In in vitro and in vivo preclinical models, the combination of magrolimab with venetoclax plus azacitidine increased phagocytosis and prolonged survival in AML cells, according to research presented at the 2021 ASH Annual Meeting. The findings were reported by lead author Yannan Jia, from the Department of Leukemia at the University of Texas MD Anderson Cancer Center in Houston.
Magrolimab targets CD47, a macrophage immune checkpoint that functions as a “don’t eat me” signal on cancer cells by binding SIRPa on macrophages and blocking phagocytosis, the researchers explained. Cancer cells evade phagocytosis by overexpressing CD47, and high CD47 expression in AML has been associated with inferior outcomes.
In the present preclinical study, Ms. Jia and coauthors evaluated whether blocking CD47 via magrolimab, when combined with the BCL2 inhibitor venetoclax and the hypomethylating agent azacitidine could create a synergistic effect to induce “eat me” signals on leukemic blasts, thereby enhancing phagocytosis.
First, the investigators tested the combined efficacy of magrolimab and venetoclax plus azacitidine in vitro in a phagocytosis assay, using monocytes isolated from seven healthy donors. The combination appeared to significantly increase phagocytosis, not only in parental but also in venetoclax-resistant and p53-mutant cells, when compared with either treatment alone. “Further proteomics studies to identify additional ‘eat me’ signals following venetoclax-azacitidine treatment are ongoing,” the authors reported.

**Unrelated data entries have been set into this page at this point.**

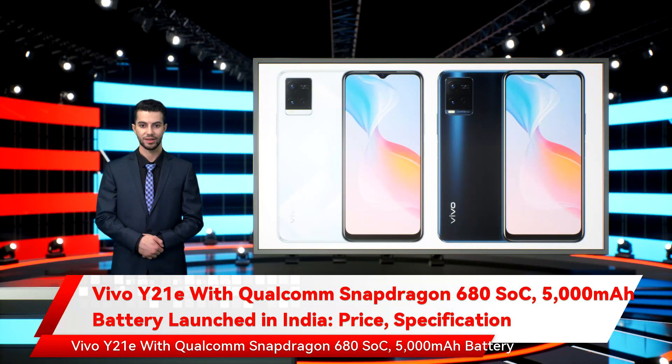Vivo Y21E with Qualcomm Snapdragon 680 SoC, 5,000 mAh battery launched in India — price and specifications.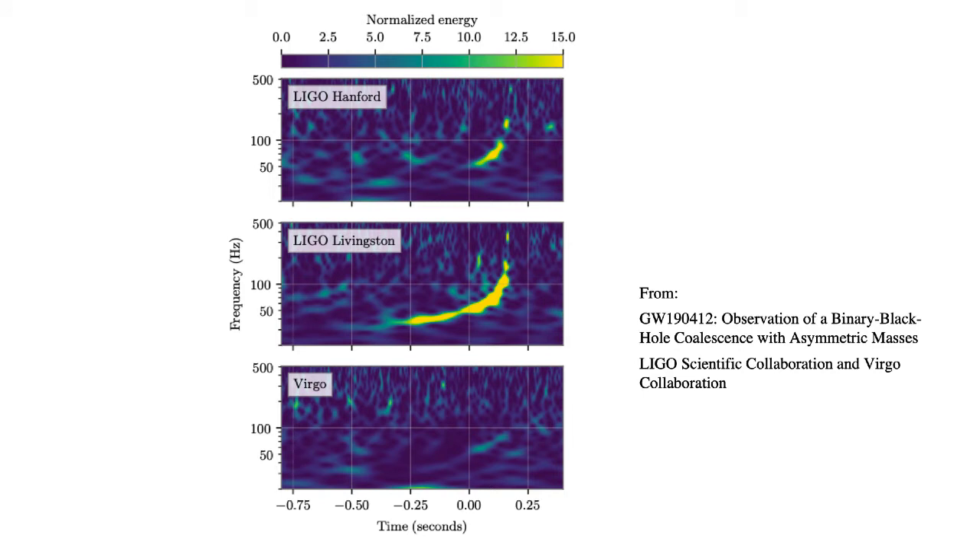Here is a recent event seen in the third observing run — another merger of two black holes. This one was detected by both LIGO detectors and just about by the European Virgo detector, which is a bit less sensitive but still saw enough for some triangulation. You can see the signal rising clearly in the LIGO data; less clearly in Virgo. You probably wouldn't trust Virgo alone, but combined with the LIGO detections it's probably reliable.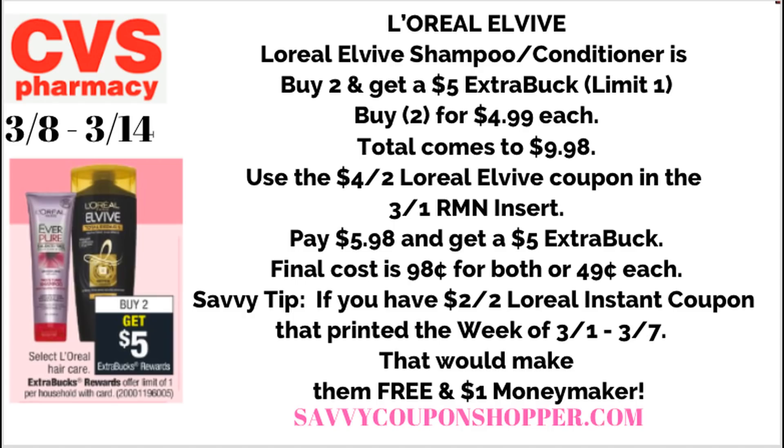We currently have a $4 off two L-Vive coupon in our 3-1 Retail Me Not insert, and there's a digital for $3 off two — I think the printable is still available, so I'll link it in the description box below. Using the $4 off two brings your total to $5.98, and you get back a $5 extra buck — final cost is 98 cents for both, or just 49 cents each. Savvy tip: if you printed that $2 off two L'Oreal instant coupon this week and haven't used it, use it with this deal — it makes them both free and a dollar moneymaker. And if you get a great hair care CRT, combine both the L-Vive and the Fructis deal for a fantastic moneymaker.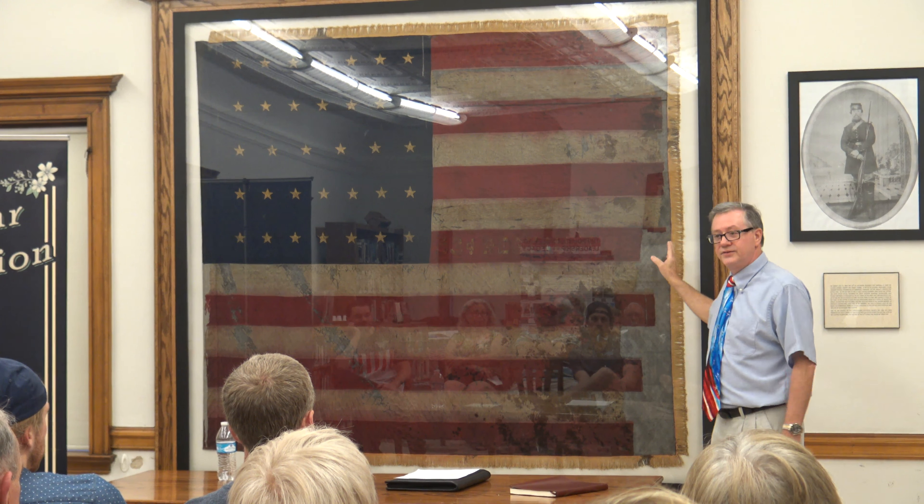Alright, let's go back to the 53rd. The 53rd served with Grant.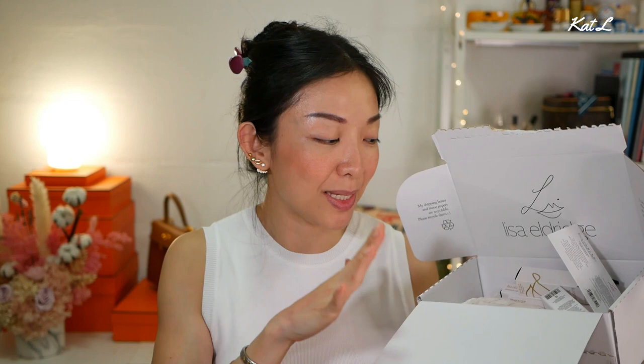Lisa Eldridge just launched her new lipsticks and I wasn't going to buy any, but once I saw her swatch video - some of the colors are so beautiful, you can see my hands all red - we are going to do it together. I have six items from this purchase: two are from her new launch, and I picked up two from the previous launch which I missed out on, and I'm really excited to get those as well.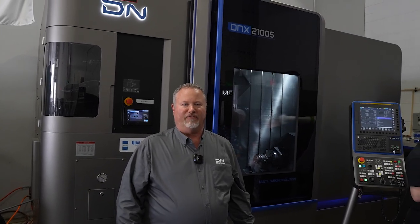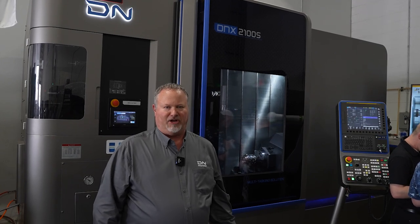The DNX series comes in three configurations. It offers a standard DNX 2100, which is a tailstock version machine. The DNX 2100S, which offers a pair of 8-inch chucks. And the SB version is a 10-inch chuck on the main spindle, 8-inch on the second spindle, or right side spindle.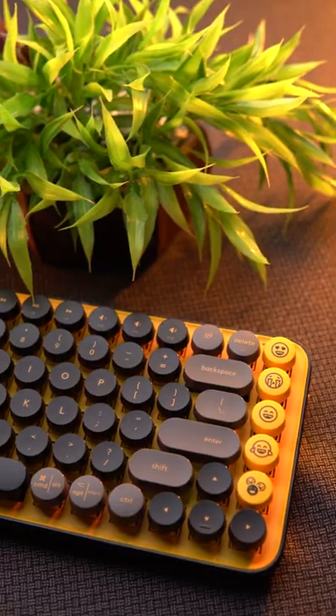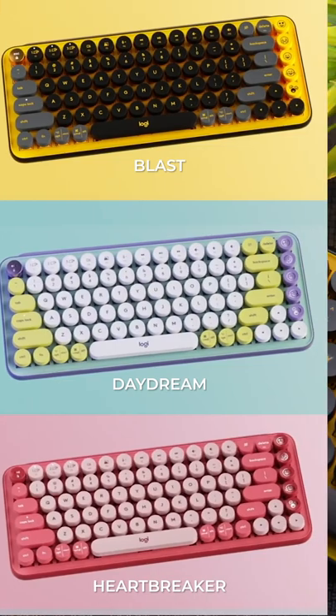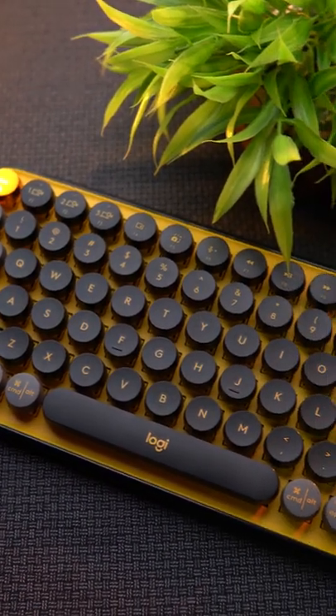This is not a typewriter — it's actually a mechanical keyboard called the Logitech Pop Keys. Doesn't it look cute? Just like its name, it comes in three poppy colors, but I love this black and yellow variant.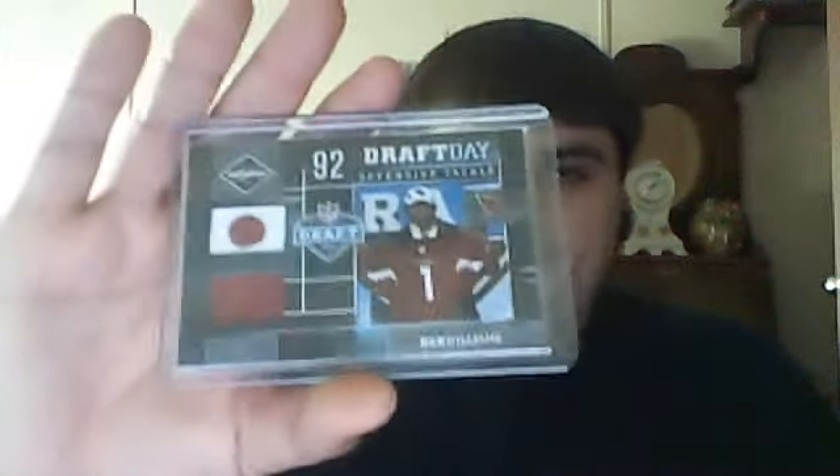So that's for the basketball part of it. Out of 2010 Limited, a Jim Otto jersey. And this is a cool looking card out of 2010 Limited — Dan Williams. It looks almost like the top of a hat maybe. It's numbered to 25. Yeah, it looks like the top of the hat or something. That's a cool card.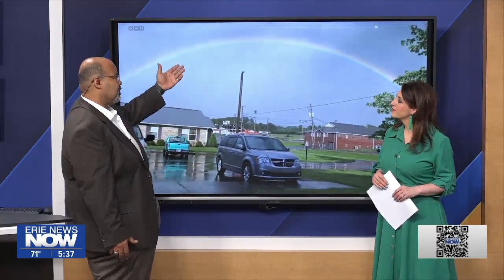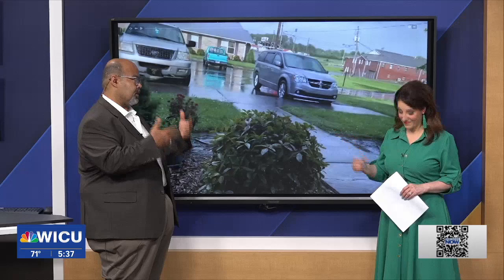Rainbows only really happen at certain portions of the day, so it's important to know that in the afternoon it's all about the sun angle. And of course these are made up of water droplets, which reflect the sun and break it up. Remember Roy G. Biv? That is the colors of the rainbow — we learned that in elementary school.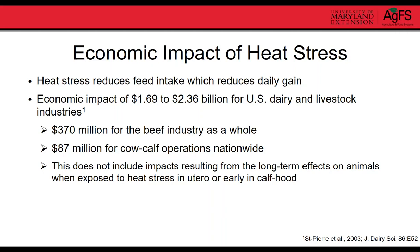In terms of economic impact, heat stress reduces feed intake, which eventually reduces daily gains. A study published in 2003 by Norman St-Pierre estimated the economic impact of heat stress for the dairy and livestock industries to be between 1.6 and 2.3 billion dollars. In the beef industry alone it was around 370 million dollars in losses, and for cow-calf operations nationwide it was an 87 million dollar loss. These numbers don't account for long-term impacts from in-utero or early-life heat stress exposure, so actual losses are likely higher.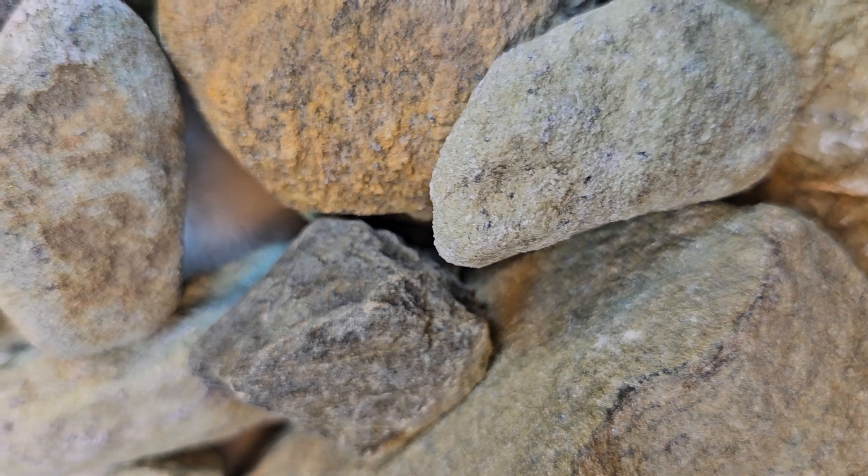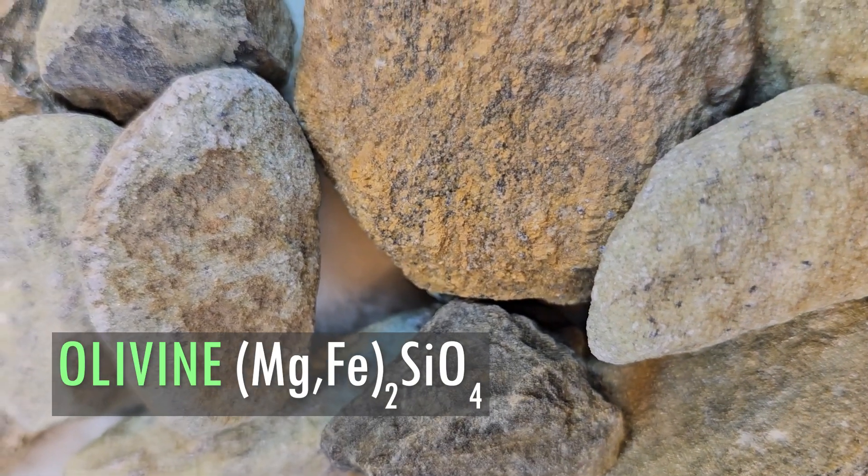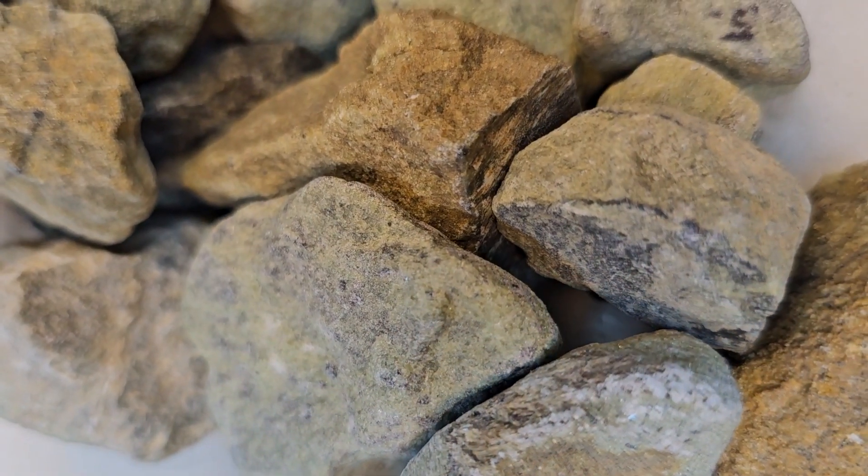There's this rock — the most abundant rock here on our planet — called olivine, and naturally it removes carbon dioxide out of the air just by the molecules existing and coming into contact with the surface.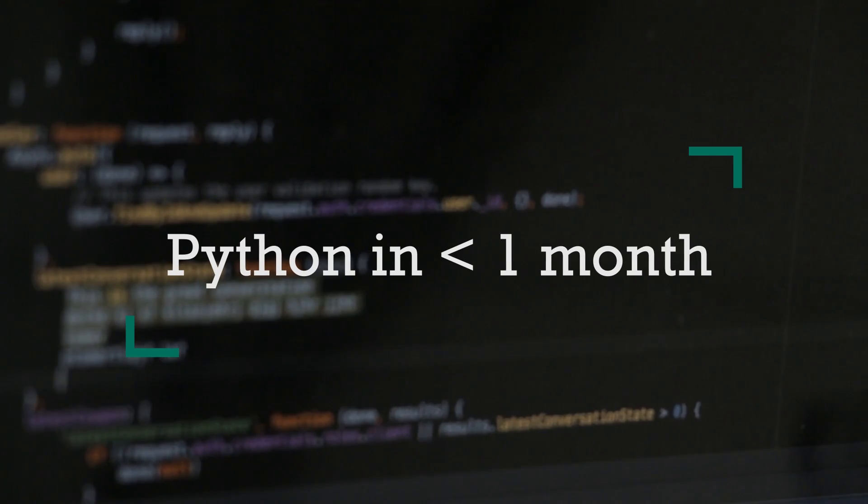Hey guys, it's Aaron and today I'm going to tell you how I learned Python in under a month. My background is a bachelor's degree in finance, which is not very heavy on computer science. Towards the end of my undergraduate degree, I started getting interested in data science, and that's when my interest in Python really began.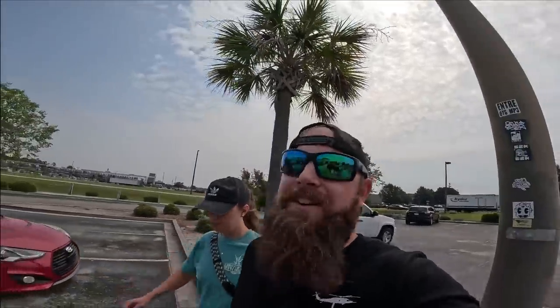We are back at our local Goodwill — not the one down the street from our house, but still our local Goodwill, one of the better ones that we actually thrift. We're going to go in here and see if we can find something to flip online for a profit.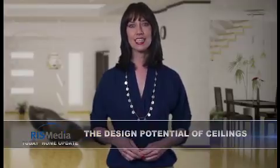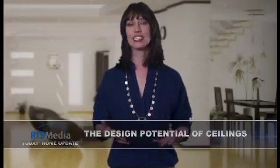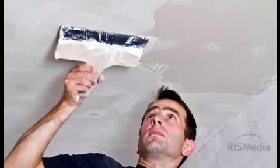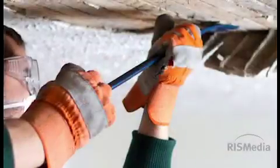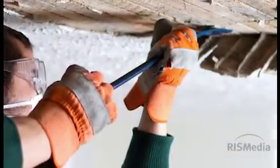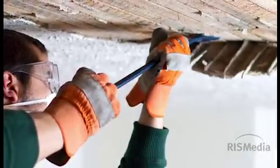Many homeowners don't consider ceilings part of their interior design, and it shows. Most are expanses of bland white paint. But savvy do-it-yourselfers are converting these blank canvases into interesting and functional design elements that accent a room's decor or disguise problems. Dana Vento, DIY expert and popular home renovation blogger, recommends these tips for tackling a ceiling project.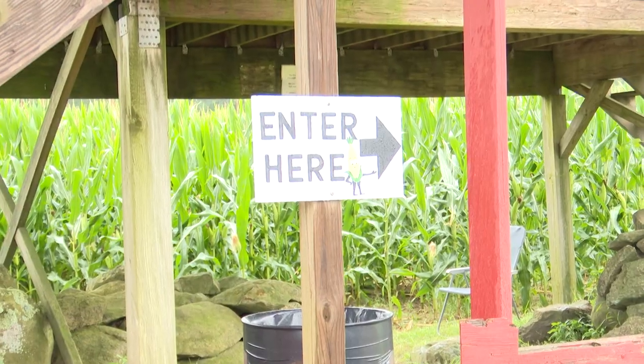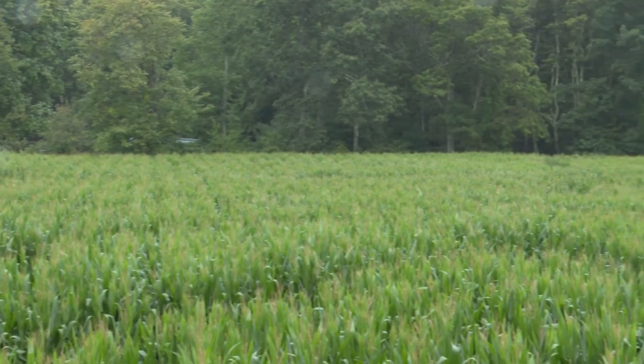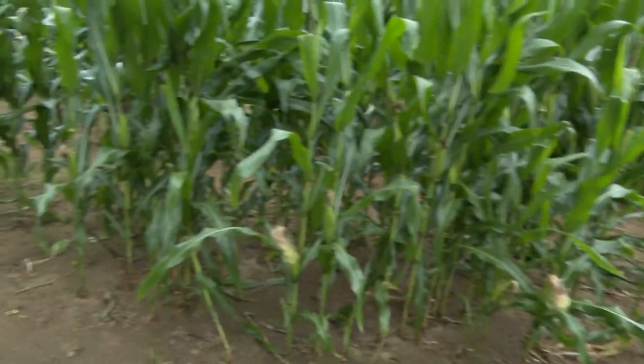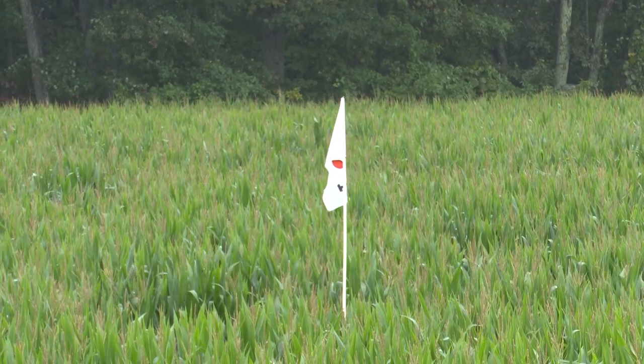Let's add another fall activity to our lists, this time wandering through the corn maze at Salisbury Farm in Johnston. This five-acre corn maze will certainly send you in all different directions and perhaps even get you lost. But don't worry, the farm has helpers along the way and also has flags throughout the maze for those who need assistance finding their way out.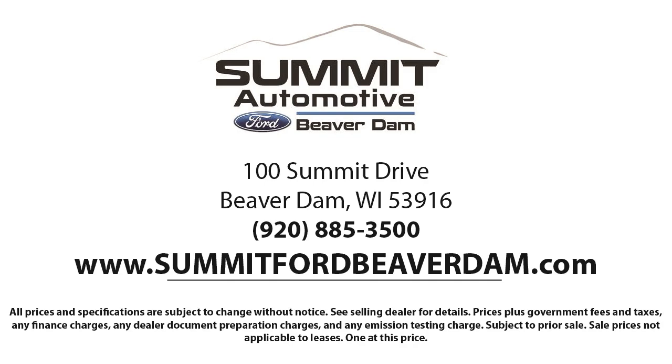Come see us today and experience the satisfaction that comes from being a Summit Ford customer. We're located at 100 Summit Drive in Beaver Dam.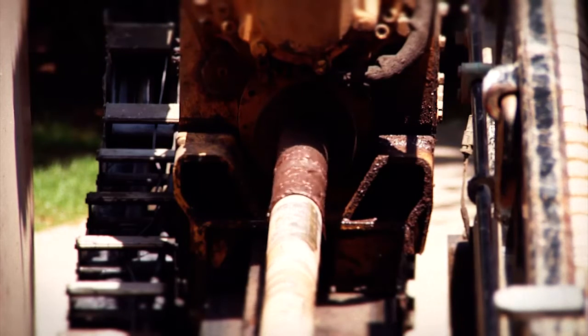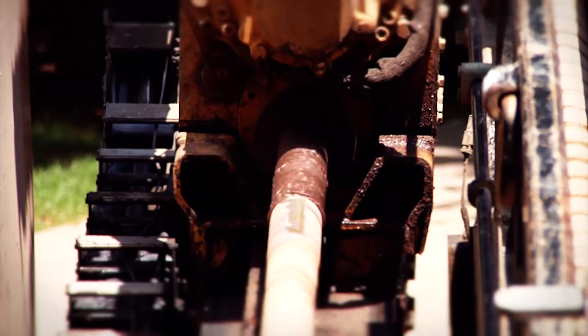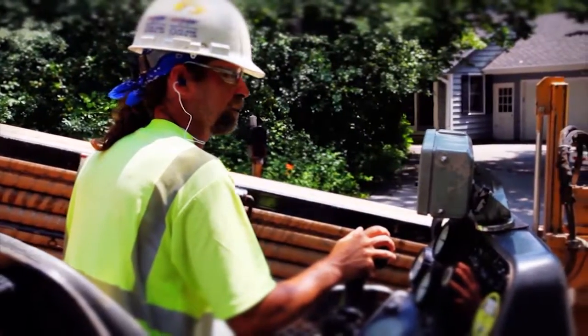From 24-inch pipe to 1-inch, you can do it with the 40. It's been bulletproof for us. It's the workhorse — it's definitely the workhorse. What we do is we take care of our horse, and it'll do the job for you.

Next, the researchers examined the therapeutic efficacy of magrolimab alone or in combination with venetoclax-azacitidine in AML patient-derived xenografts models. Results from mouse models revealed that magrolimab reduced leukemia burden, delayed leukemia progression, and significantly extended survival. However, venetoclax-azacitidine alone had no or minimal impact on tumor burden or survival.
Given these findings, investigators have launched a clinical trial of the magrolimab and venetoclax-azacitidine combination, which has shown high rates of preliminary efficacy, the authors noted.